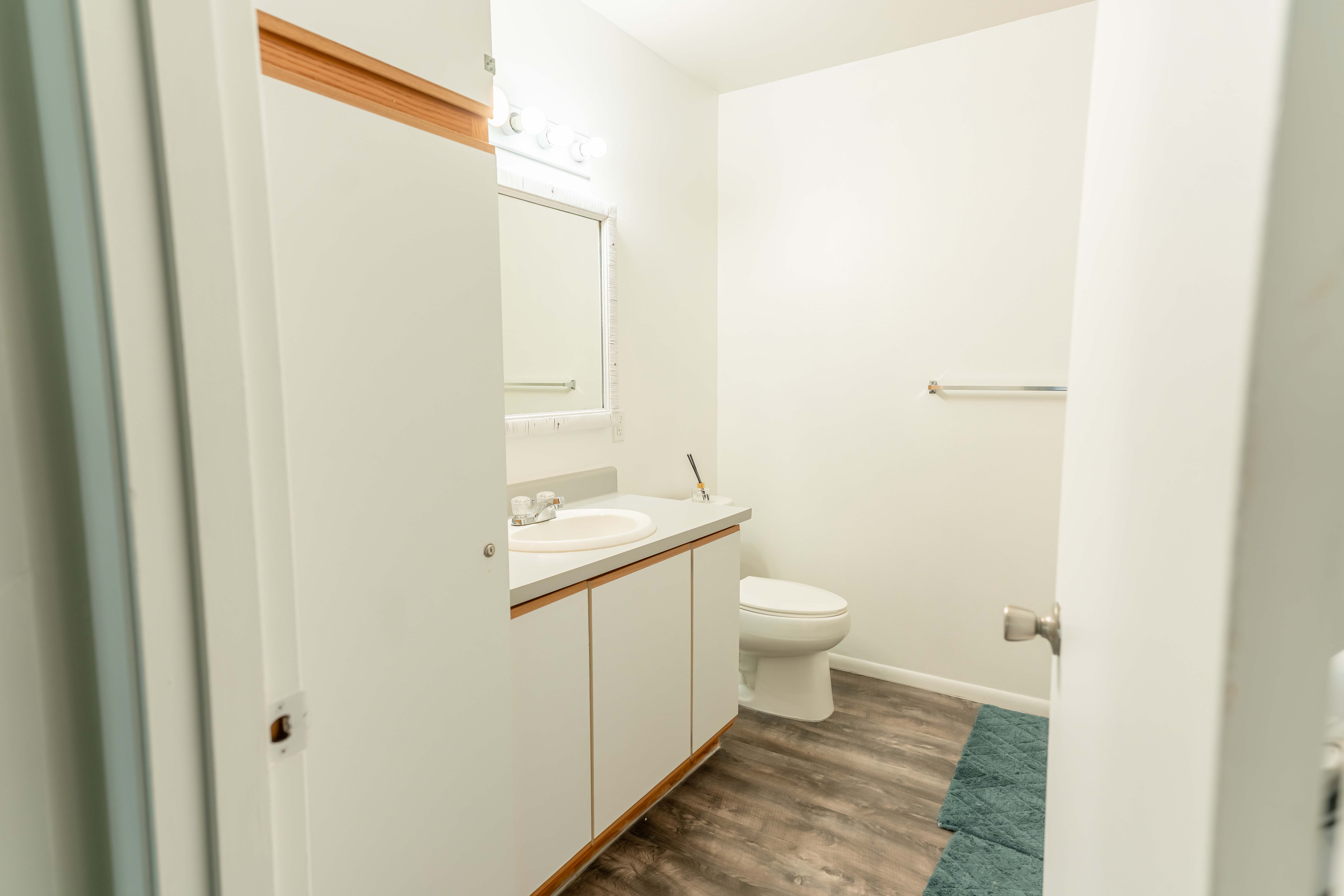 68-3831 Lua Kula Street, Unit L107 Waikoloa, HI 96738 - Photo 8 of 17 a bathroom with a sink a toilet and shower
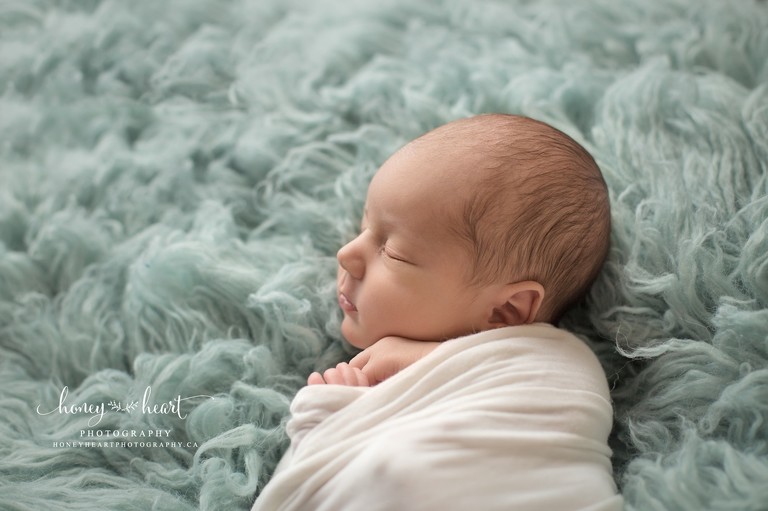 Side profile of sleeping baby boy laying on Luneberry's Dutch Blue Flokati - Calgary Newborn Photographer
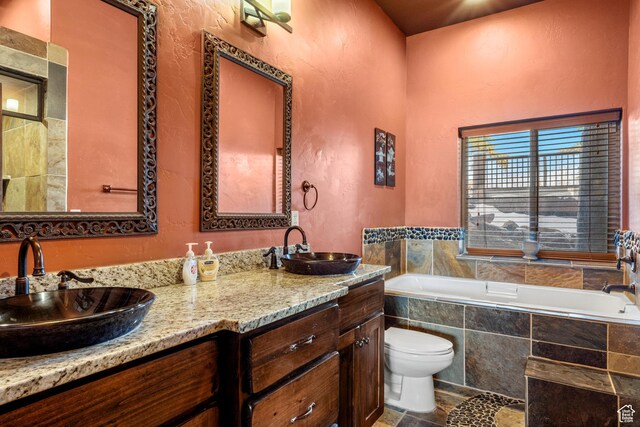 3478 E Porcupine Cir, Garden City, UT 84028 - full bath with a sink, toilet, double vanity, and tiled bath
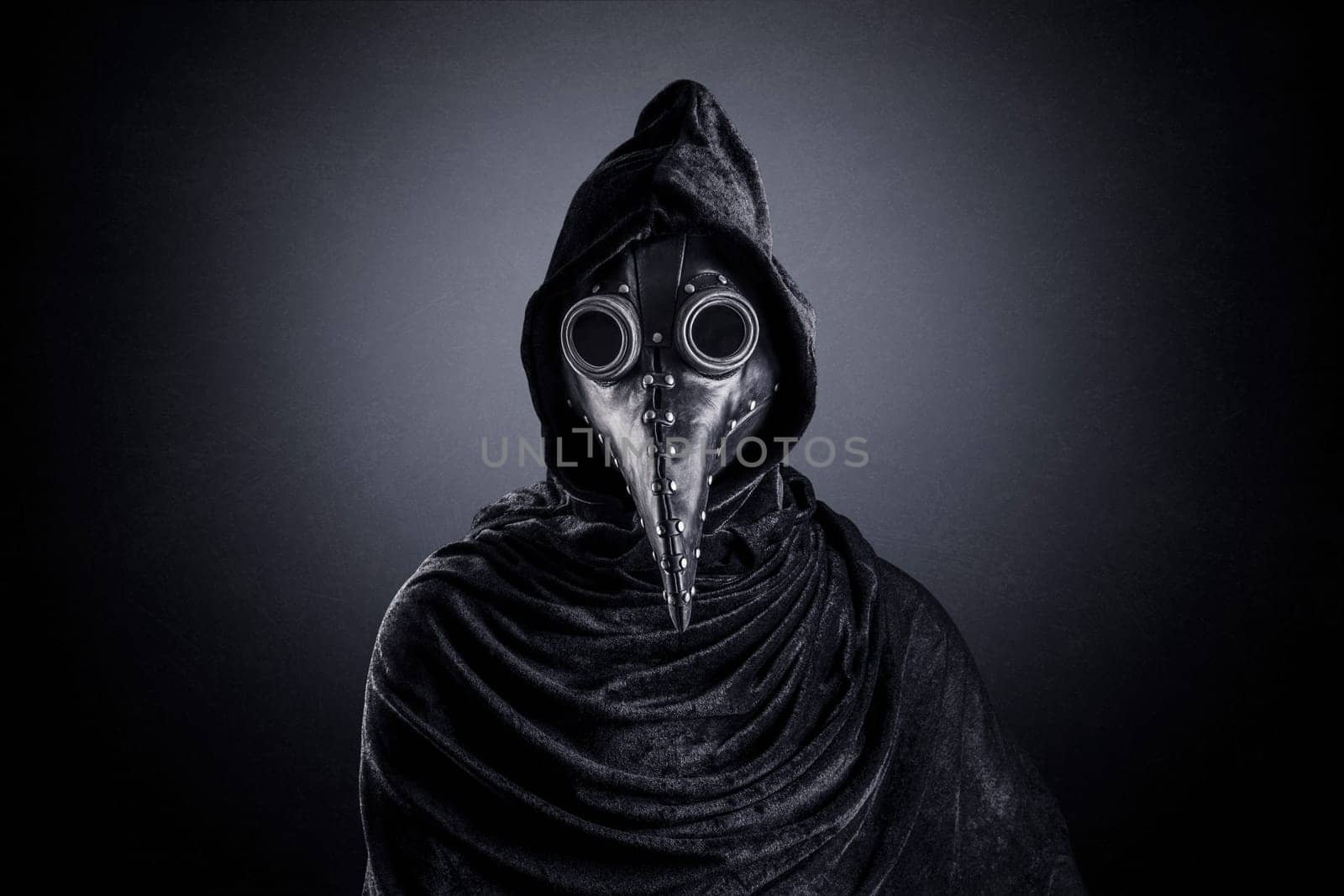 Plague doctor in hooded cloak at night over dark misty background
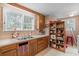 Bright kitchen features double sink, wood cabinets, and ample counter space at 2028 Coker Ave, Charleston, SC 29412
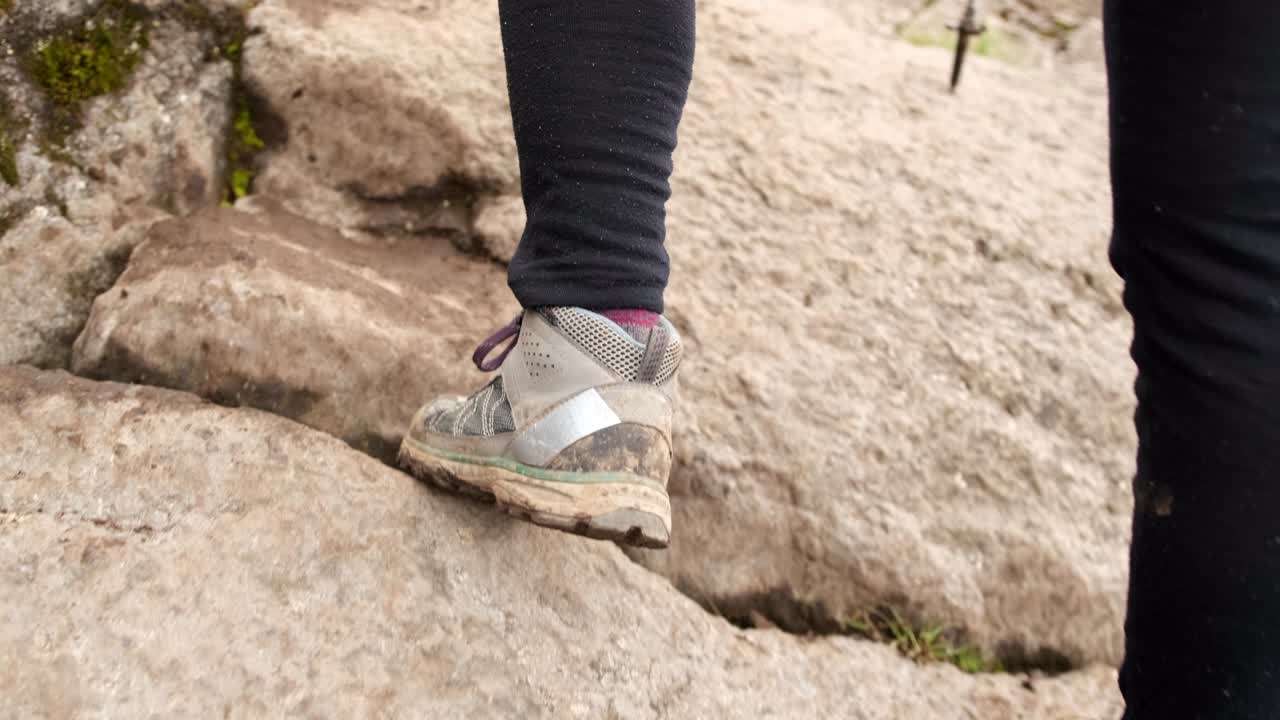 Rear view of a female tourist's leg in trekking boots climbing up the rocks with trekking poles.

_PROBLEM_
Write out exactly the lines beginning with the line that holds "Bright kitchen features" and ending with the final line of the data, both ends included, without the pictures.

_EXPECTED ANSWER_
 Bright kitchen features double sink, wood cabinets, and ample counter space at 2028 Coker Ave, Charleston, SC 29412
 Rear view of a female tourist's leg in trekking boots climbing up the rocks with trekking poles.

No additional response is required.